Professor of Biology
Ludmilla F., Stephen J., and Robert T. Galla College Professor and Department Chair
Professor Rohr's research interests encompass ecology and public health. He is particularly interested in how anthropogenic changes, mainly pollution, climate change, and alterations to biodiversity, affect wildlife populations, species interactions, and the spread of both wildlife and human diseases.
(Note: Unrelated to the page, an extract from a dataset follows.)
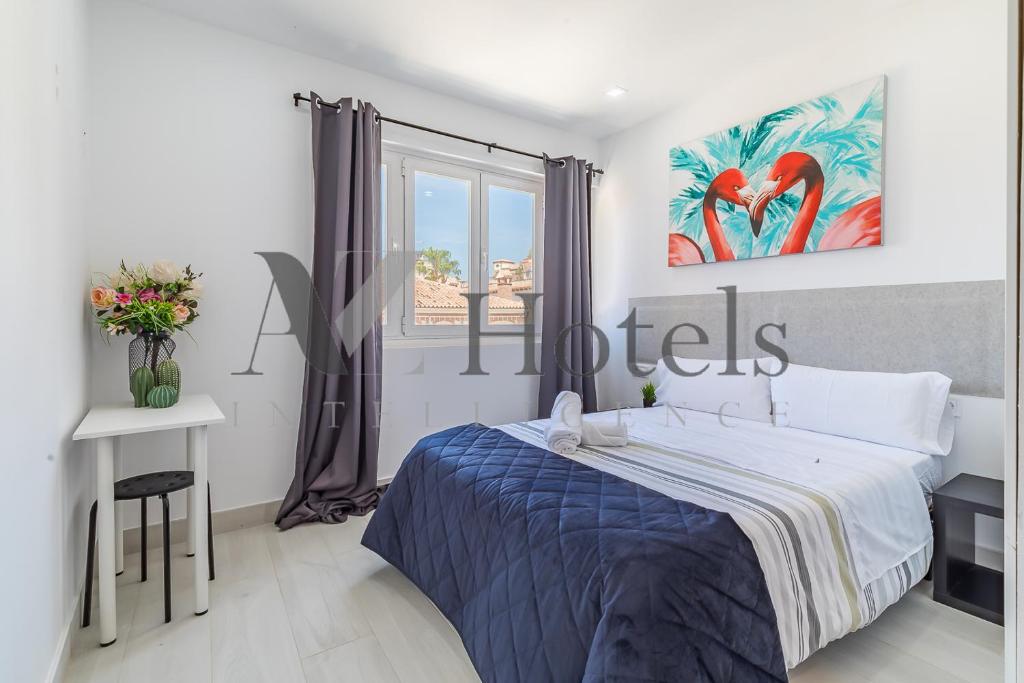 um quarto branco com uma cama e uma janela em AYZ Silvela - Auto check-in property em Málaga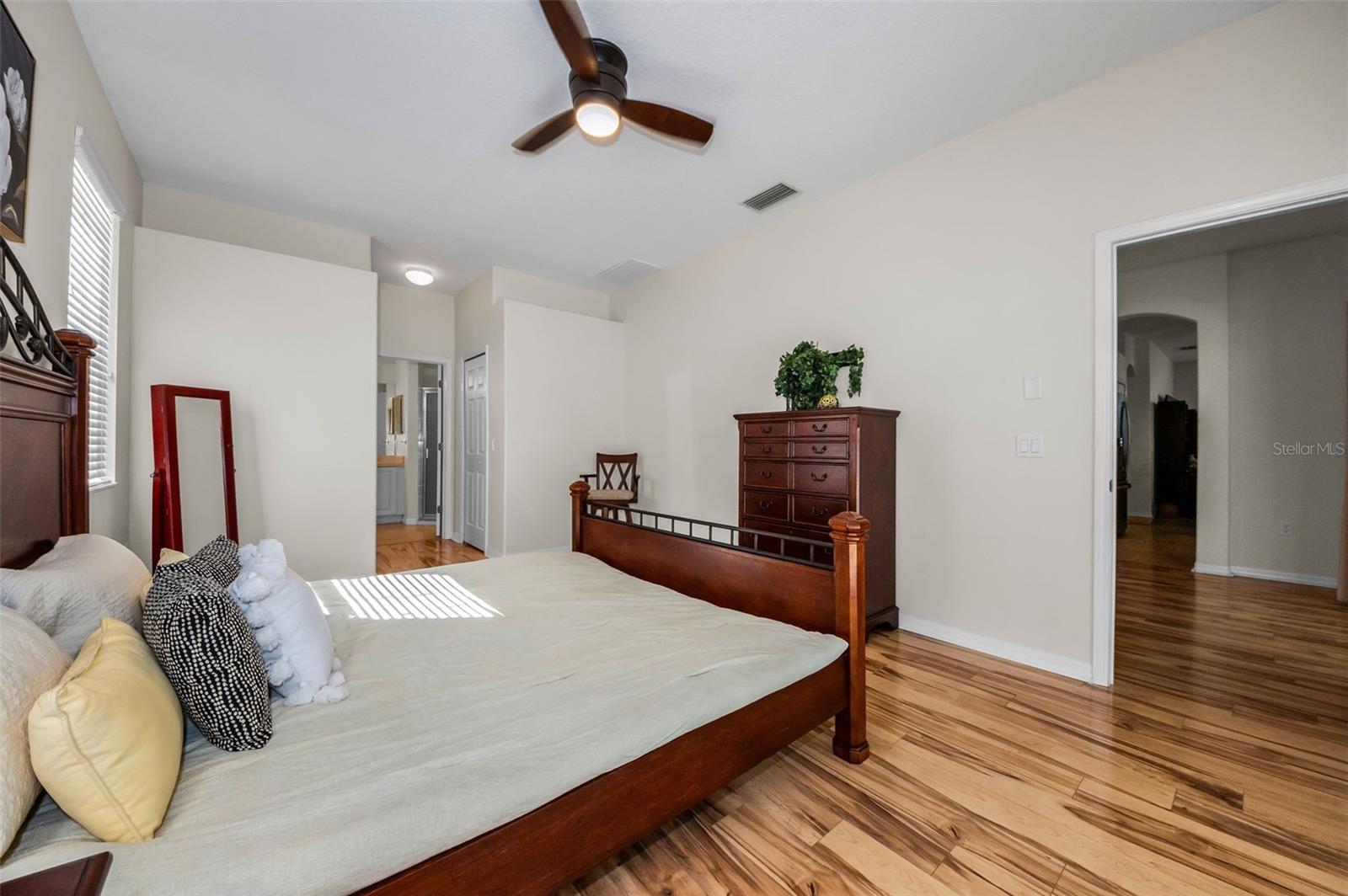 Image 26 of 62 For 18933 Grand Club Drive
Associate Professor of Computer Science and Engineering
Professor Scheirer's research is primarily focused around the problem of recognition, including the representations and algorithms supporting solutions to it. He is particularly interested in features and learning-based methods that apply to both vision and language, thus breaking away from the persistent compartmentalization of recognition tasks. His work explores open set recognition, extreme value theory models for visual recognition, biologically-inspired learning algorithms, and stylometry.
Professor of Philosophy
Chair of the Department of Philosophy
Professor Speaks works primarily in the philosophy of mind and the philosophy of language. He came to Notre Dame in 2006 after teaching for three years at McGill University. His latest book, The Greatest Possible Being (Oxford University Press, 2018), discusses what can be known about God by reason alone.
Associate Professor of Political Science and Peace Studies
Professor Verdeja's research and teaching interests include large-scale political violence, transitional justice, forgiveness and reconciliation, and trials, truth commissions, apologies, and reparations. He is also the Executive Director of the Institute for the Study of Genocide, a non-profit organization founded in 1982 to promote research and policy analysis on the causes and prevention of genocide and political violence.
Associate Professor of Chemistry and Biochemistry
Professor Whelan's research lab is motivated by the need to detect and treat ovarian cancer in its early stages, when therapeutic intervention is most effective. Her lab approaches the problem of ovarian cancer detection with a diverse tool kit drawn from bioanalytical chemistry, molecular biology, bioinformatics, and nanoscience, and it has an abiding interest in fundamental analytical method development as well as biomedical and clinical application.